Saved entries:
BEGIN
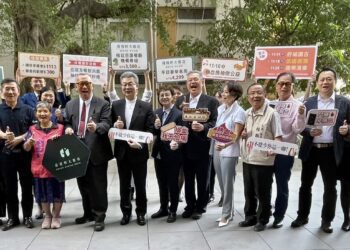 禧榕軒大飯店 《歡禧在1起》 週年慶系列活動 住宿及餐飲優惠 再抽住宿券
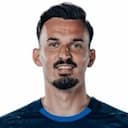 Mergim Berisha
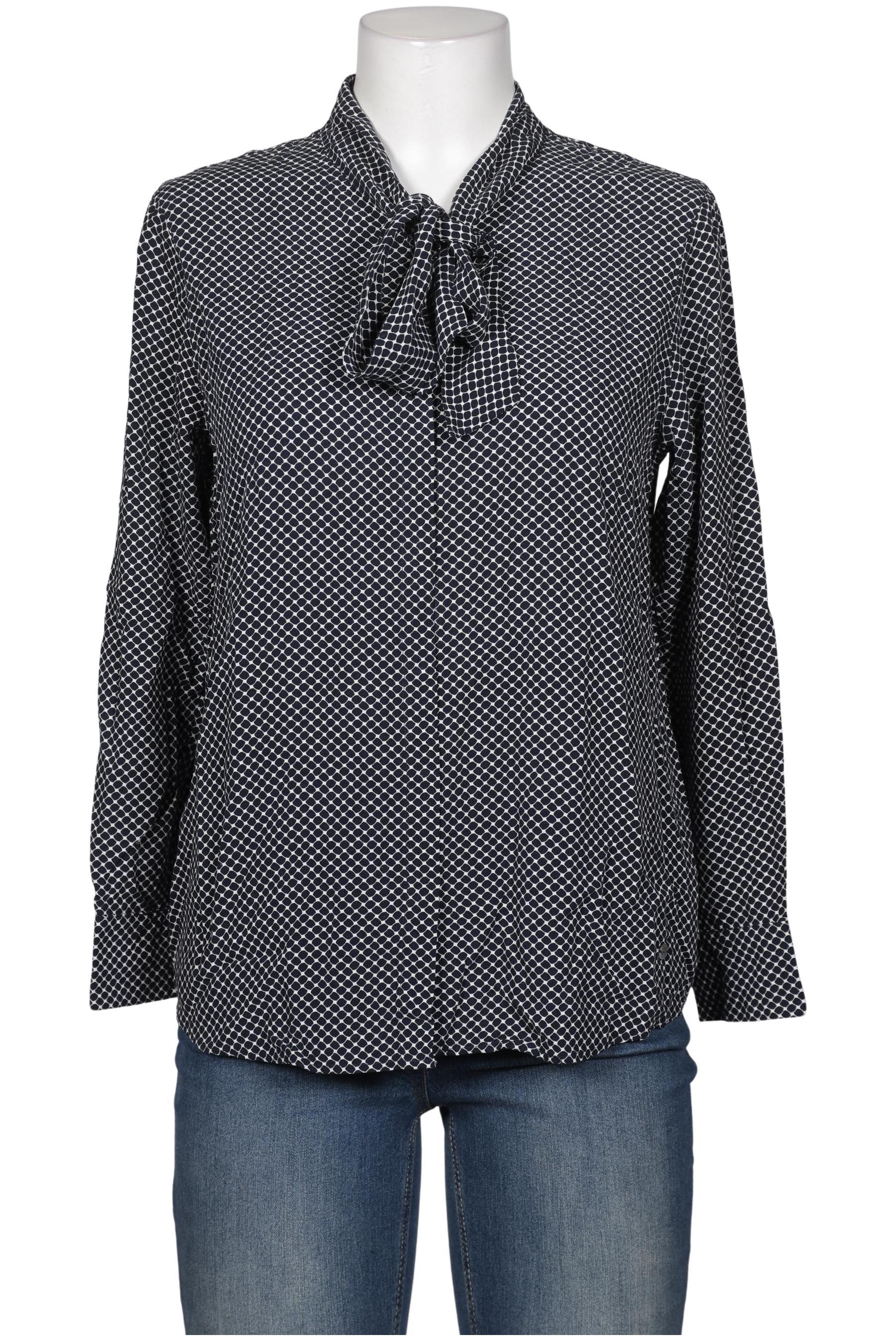 

Brax Damen Bluse, mehrfarbig, Gr. 38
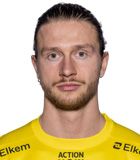 Kasper Høgh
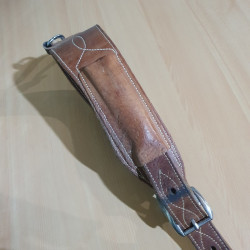 Sangle western arrière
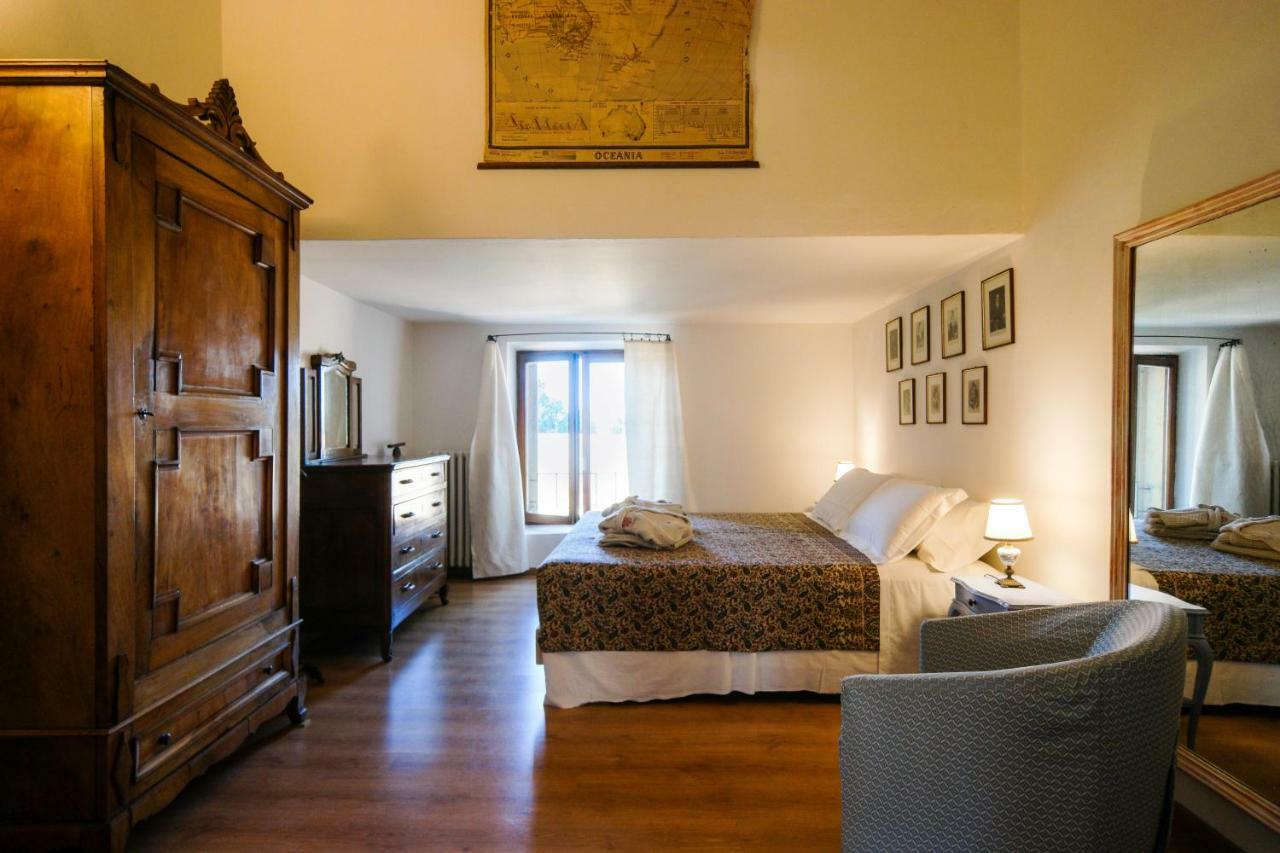Villa Betteloni Valpolicella Suites San Pietro in Cariano Exteriér fotografie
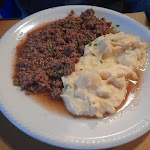 Photo n°3 de l'avis de L.a fait le 23/04/2023 à 19:44 sur le  Antica Osteria Al Cavaliere Nero à Podenzano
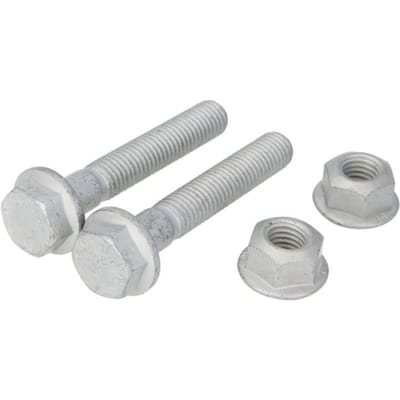 Montageset, stabilisatorstang FEBI BILSTEIN 21126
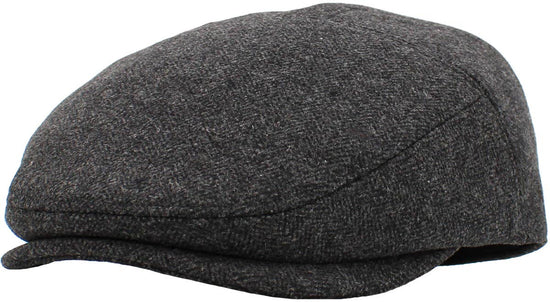 Solid Wool Blend Ivy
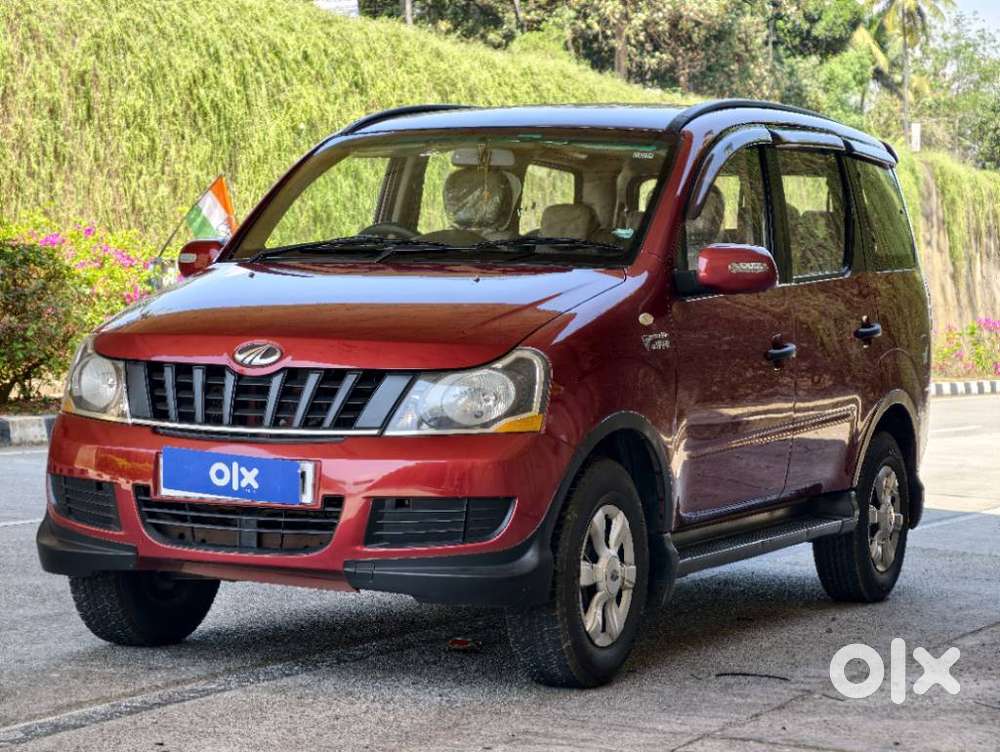 Mahindra Xylo H4 Bs Iv, 2013, Diesel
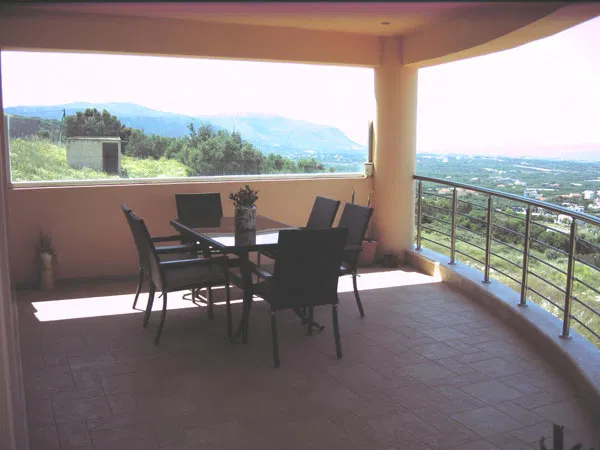 Five-Bedroom Seafront Villa for Sale in Hersonissos, Heraklion — photo 4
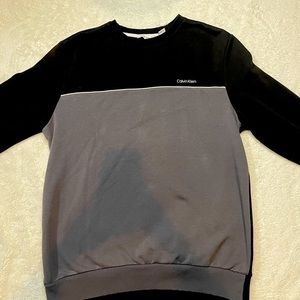 Calvin Klein sweater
END
■ **ACTION ITEM**
Using the entries above, reproduce word for word only the lines from the one that contains "Brax Damen Bluse, mehrfarbig, Gr. 38" to the one that contains "Solid Wool Blend Ivy", both ends included, and drop every picture.

■ **EXERCISE SOLUTION**
Brax Damen Bluse, mehrfarbig, Gr. 38
 Kasper Høgh
 Sangle western arrière
Villa Betteloni Valpolicella Suites San Pietro in Cariano Exteriér fotografie
 Photo n°3 de l'avis de L.a fait le 23/04/2023 à 19:44 sur le  Antica Osteria Al Cavaliere Nero à Podenzano
 Montageset, stabilisatorstang FEBI BILSTEIN 21126
 Solid Wool Blend Ivy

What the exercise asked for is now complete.